Retour des zombies sur la Croisette après ceux, il y a trois ans, de Jarmusch et de son The Dead Don’t Die qui se moquait par là même du Trumpisme. C’est cette fois-ci Michel Hazanavicius qui s’y colle par le biais de Coupez !, un remake improbable et, somme tout, audacieux d’une comédie japonaise culte One Cut of the Dead – Ne coupez pas, réalisée en 2017 par Shin’ichirô Ueda.

Remake d’un film de zombies japonais populaire

Romain Duris incarne Rémi, un réalisateur dont la réputation d’être abordable lui a valu de travailler régulièrement pour des publicités, des séries dramatiques et des reconstitutions de crimes. Son producteur Mounir (Lyès Salem) lui propose un nouveau projet pour la sortie d’une nouvelle plateforme de streaming : le remake d’un film de zombies japonais populaire, diffusé en direct à la télévision et tourné en plan séquence.
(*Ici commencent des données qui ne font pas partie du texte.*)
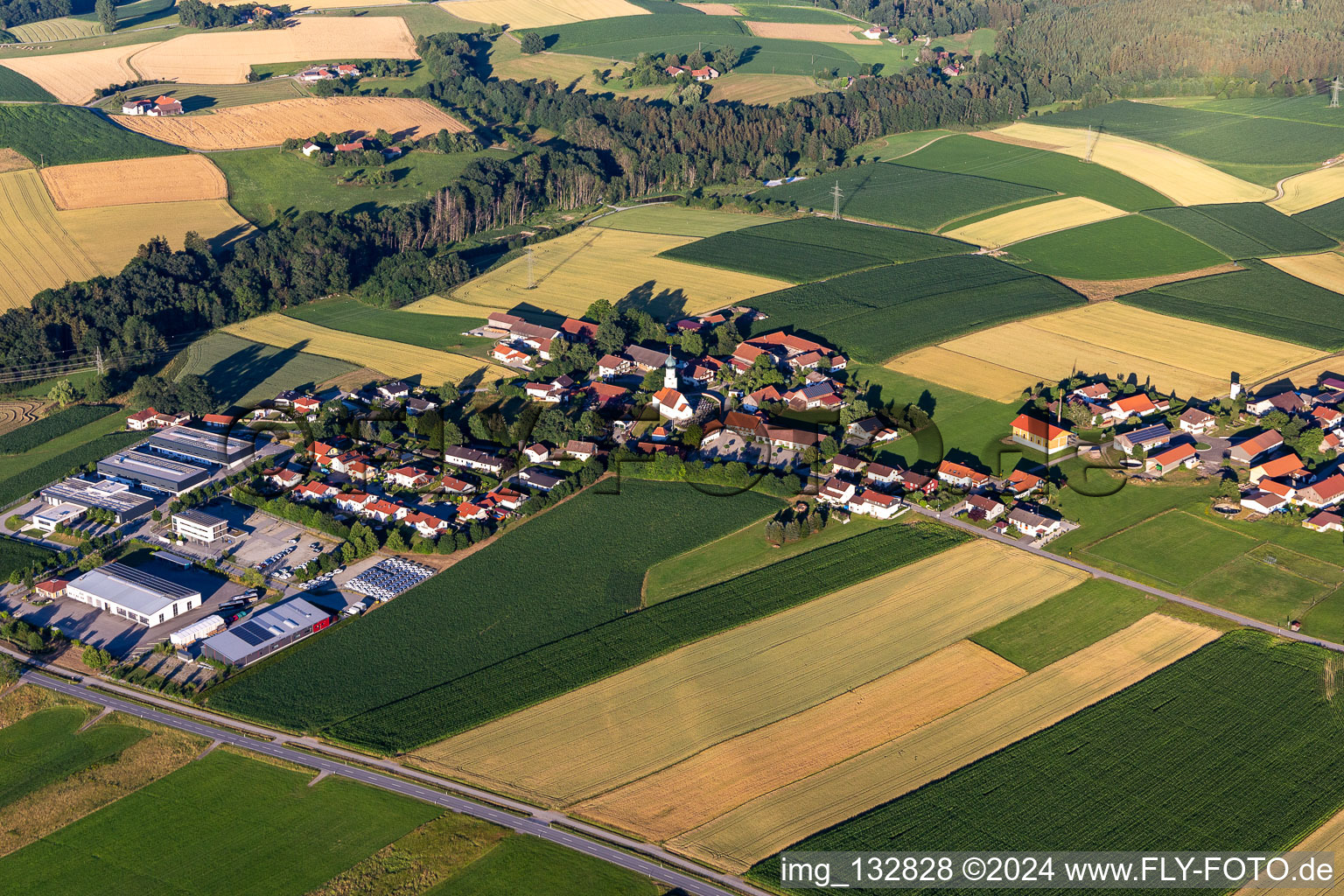 Vue aérienne de Quartier Hainberg in Arnstorf dans le département Bavière, Allemagne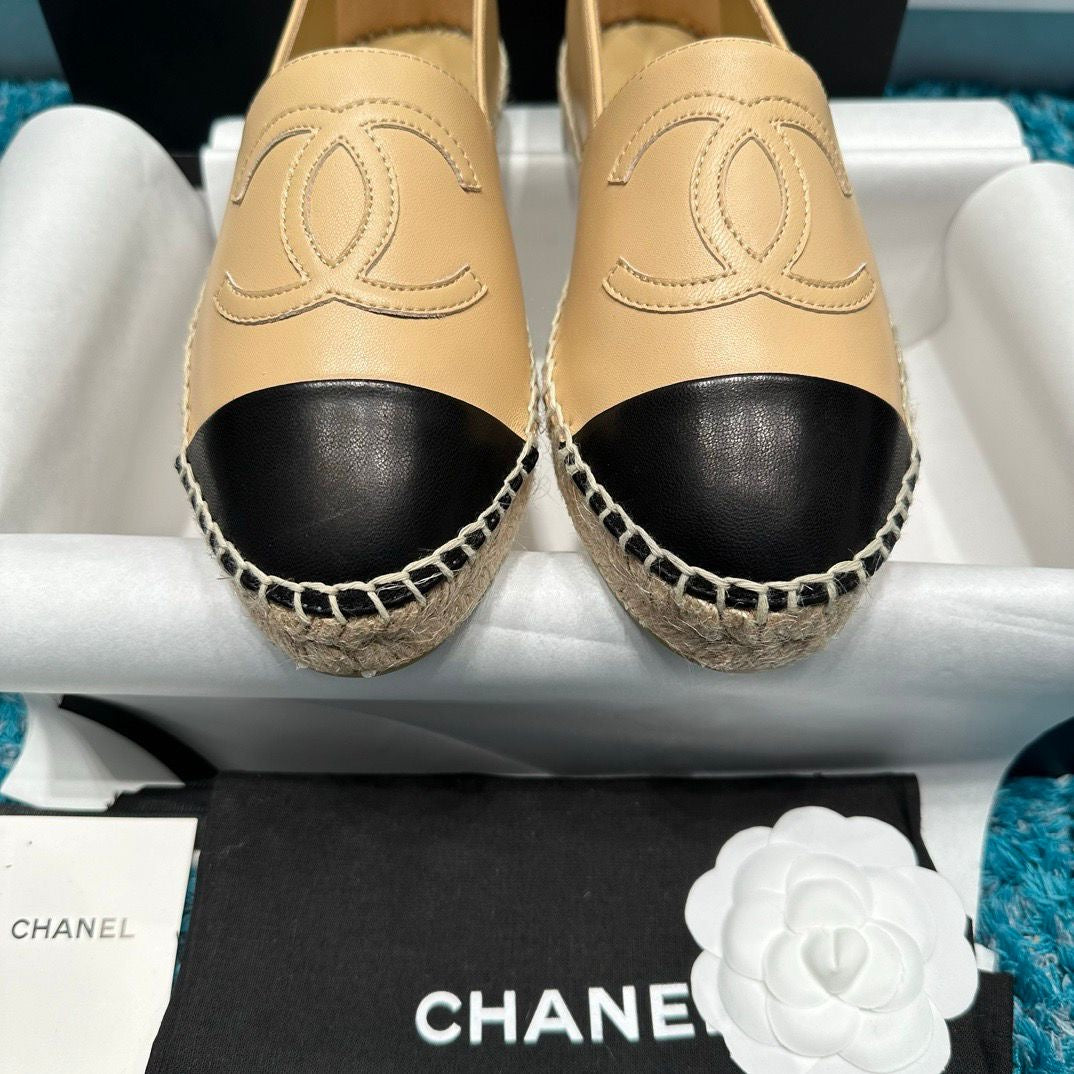 Espadrille Couro Bege e Preto Tira Trançada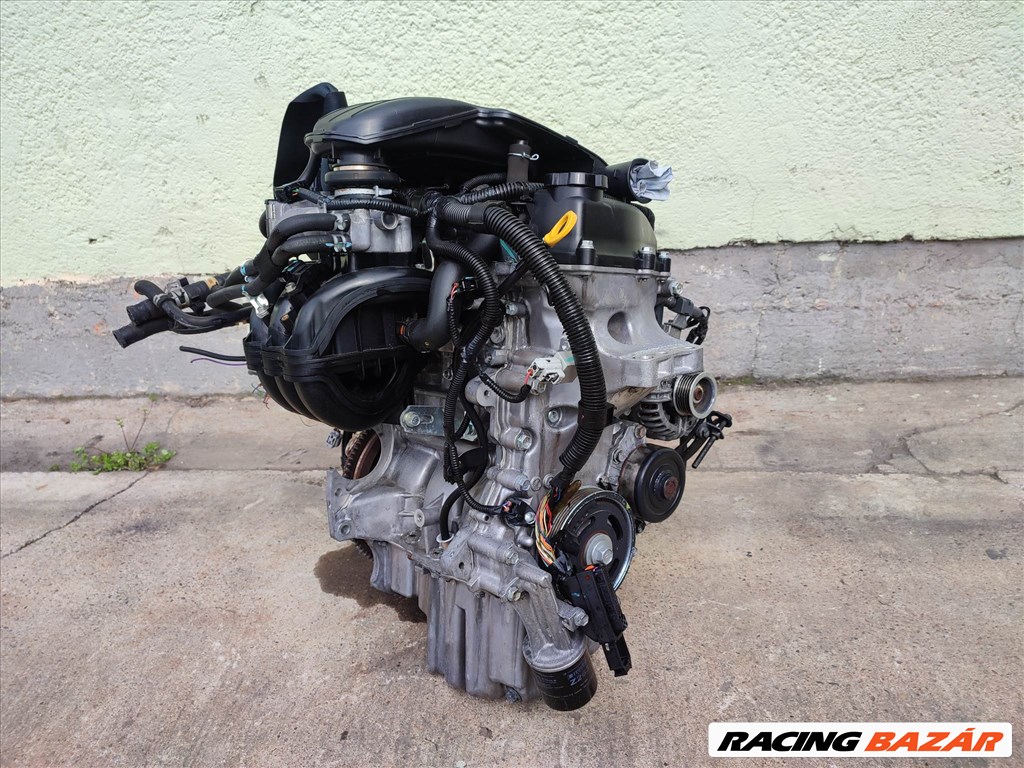 Peugeot 107 70 motor  2. kép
Coupez ! est un film carrément malicieux par la structure même qui le compose. Le premier film du genre série Z, qui se révélera plus tard en abyme, consiste donc en un véritable plan séquence d’une trentaine de minutes. Il joue déjà, à la base, de l’immersion dans les coulisses d’un tournage de film de zombies sur lequel de véritables morts vivants finiraient par se manifester.

On se moque facilement là de ce qui parait être un film raté, extrêmement mal joué et où tout déraille. Un scénario où on ne comprend en plus pas toujours grand-chose. C’est d’ailleurs là que réside le défi du spectateur… tenir, résister, et ne pas succomber à l’envie de rebrousser chemin. Et c’est là que s’ouvre un autre chapitre, lui-même séparé en deux, qui nous projette en arrière vers un récit encadrant permettant d’expliquer à la fois la production et les conditions du tournage de ce fameux plan-séquence.

Plusieurs niveaux spatiaux et métaphoriques

La satire du milieu (producteur cynique, acteur arrogant, désorganisation générale) fonctionne plutôt sympathiquement, mais c’est surtout le tournage lui-même qui s’avérera véritablement jubilatoire, puisqu’il permettra de donner toutes les explications aux manquements du premier film visionné.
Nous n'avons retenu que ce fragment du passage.